- [Directions for this task]
The listing below is to be given again in full and word for word, without its images.

- [Raw data]
━━━━
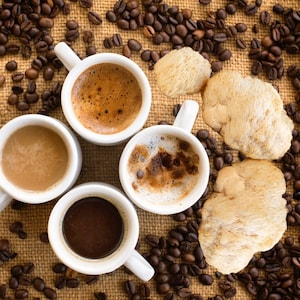 Pu&ograve; includere: Quattro tazze di ceramica bianca piene di caff&egrave;, circondate da chicchi di caff&egrave; su una superficie di juta marrone. Le tazze sono disposte a forma di quadrato, con due tazze su ogni lato. I chicchi di caff&egrave; sono sparsi intorno alle tazze, e alcuni sono persino all'interno delle tazze.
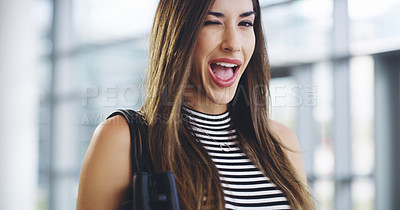 Buy stock photo Cropped shot of an attractive young businesswoman winking while walking through a modern office
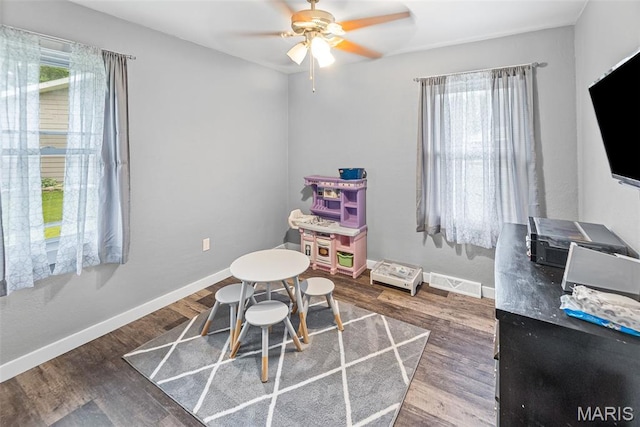 415 Virginia Ave, Cottage Hills, IL 62018 - playroom with a ceiling fan, wood finished floors, and baseboards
━━━━
- [Exercise output]
 Pu&ograve; includere: Quattro tazze di ceramica bianca piene di caff&egrave;, circondate da chicchi di caff&egrave; su una superficie di juta marrone. Le tazze sono disposte a forma di quadrato, con due tazze su ogni lato. I chicchi di caff&egrave; sono sparsi intorno alle tazze, e alcuni sono persino all'interno delle tazze.
 Buy stock photo Cropped shot of an attractive young businesswoman winking while walking through a modern office
 415 Virginia Ave, Cottage Hills, IL 62018 - playroom with a ceiling fan, wood finished floors, and baseboards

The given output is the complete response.